Abstract

To evaluate prospectively the incidence of early pregnancy loss (EPL) (before menstruation occurs) in Preimplantatory Genetic Diagnosis (PGD) compared to conventional in vitro fertilization (IVF) cycles. Prospective controlled study. One hundred and three patients undergoing PGD (n=40) vs conventional IVF (n=63) were included. Starting on day 6 after oocyte collection, patients were instructed to collect their first urine sample of the day every 2 days. Each patient collected four different specimens of urine (days 6, 8, 10, and 12 after oocyte collection). β-hCG was measured on each urine sample with a standarized microparticle enzyme immunoassay. A positive result shown in at least two urine determinations was considered as diagnostic of embryo implantation. Reproductive outcome was assessed with blood β-hCG determination 14 days after oocyte collection. For IVF, 37 of 63 (58.7%) patients showed a positive blood β-hCG level 14 days after oocyte collection. Twenty nine of them (78.4%) continued as viable pregnancies, 2 (5.4%) were biochemical pregnancies, 5 (13.5%) miscarried, and one (2.7%) was an ectopic pregnancy. Of the 26 negative blood β-hCG tests, 10 (38.5%) had positive implantation, registered in at least two of the four urine samples collected. For PGD patients, 22 of 40 (55.0%) had a positive blood β-hCG level 14 days after oocyte collection.
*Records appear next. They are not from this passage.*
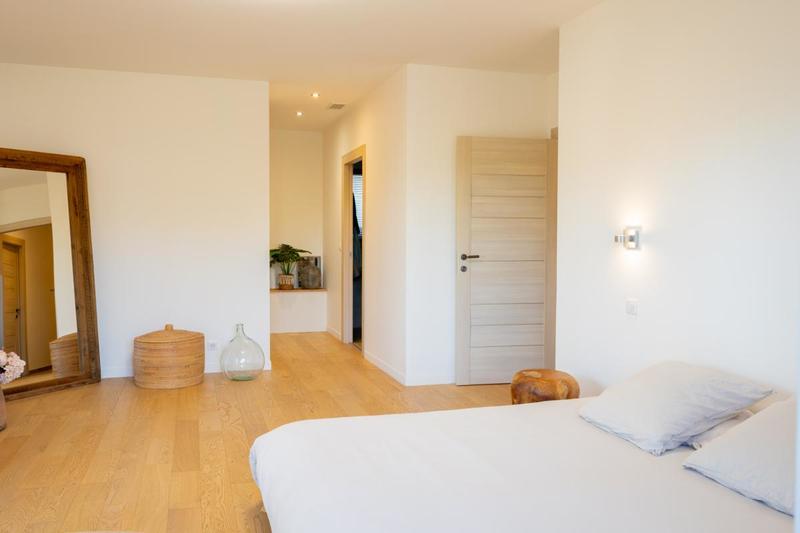 Villa - 231 m² - 6 pièces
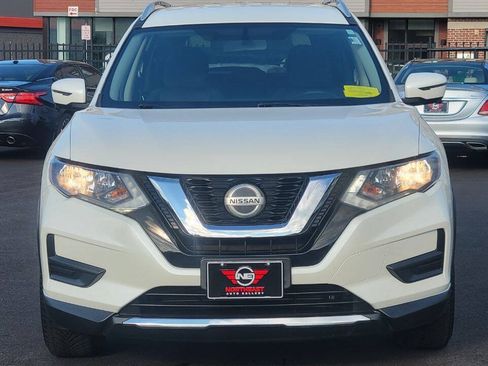 Used 2018 Nissan Rogue SV w/ Premium Package AWD/4WD image 3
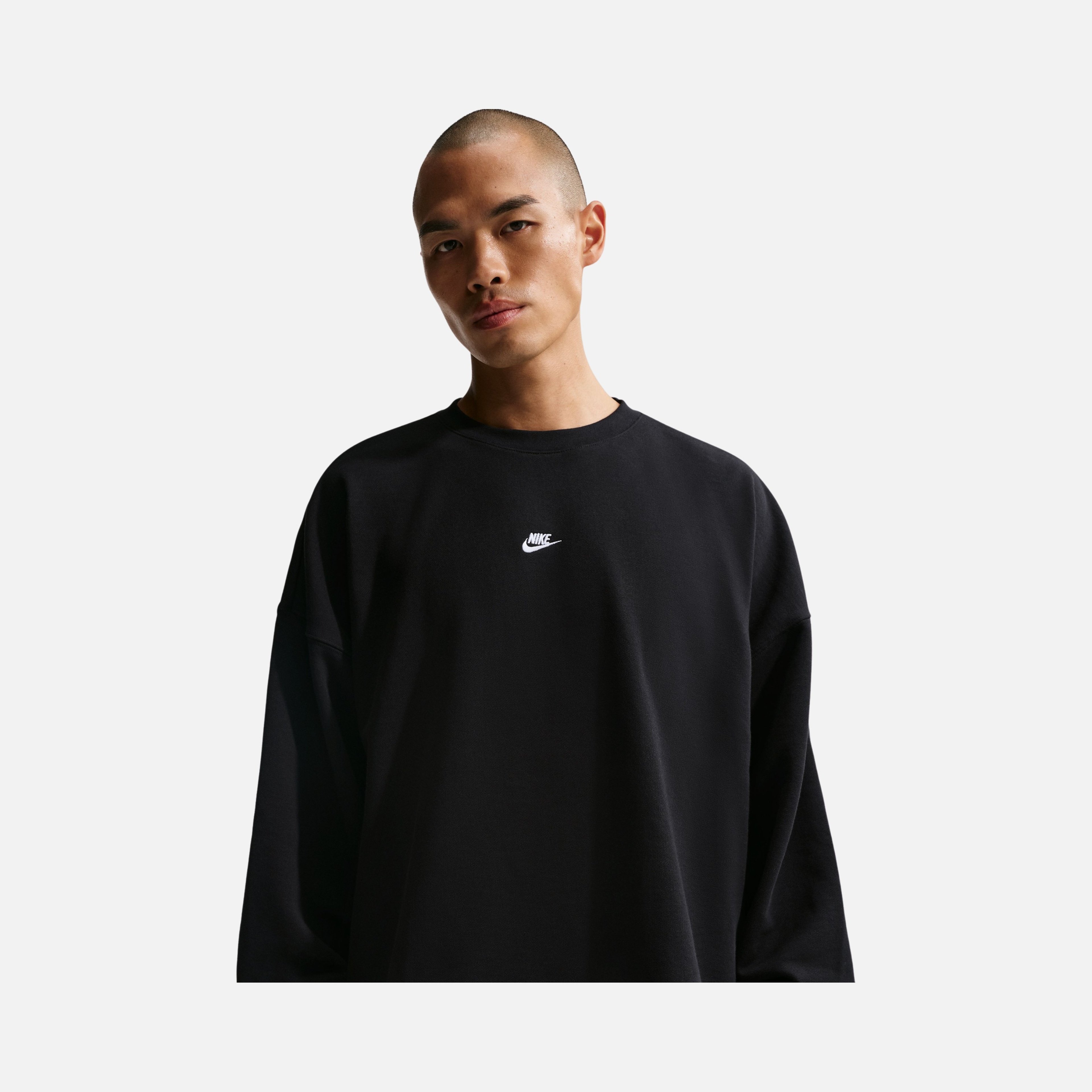 Nike Sportswear Club Oversized French-Terry Crew Sweatshirt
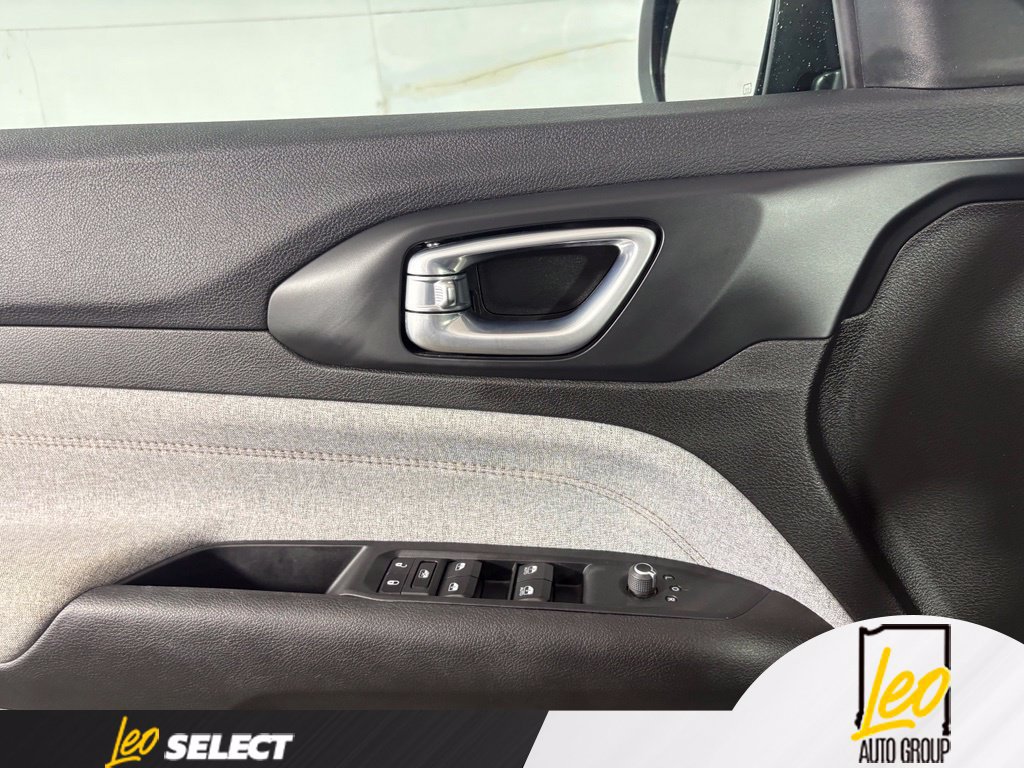Used 2024 Jeep Compass Latitude AWD/4WD image 16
Seventeen (77.3%) were viable, 2 (9.1%) were biochemical pregnancies, 2 (9.1%) miscarried, and 1 (4.5%) was an ectopic pregnancy. Of those 18 patients with a negative blood β-hCG test, 2 (11.1%) showed positive implantation. Thus, the incidence of early pregnancy loss (before menstruation) in patients undergoing IVF was 38.5% vs 11.1% of those patients that underwent PGD (p=0.03). Our results demonstrate that patients undergoing IVF without PGD have an increased rate of early pregnancy loss compared to those patients that performed PGD. These data suggest a chromosomal origin of early pregnancy loss, as long as the performance of PGD decreases significantly its incidence.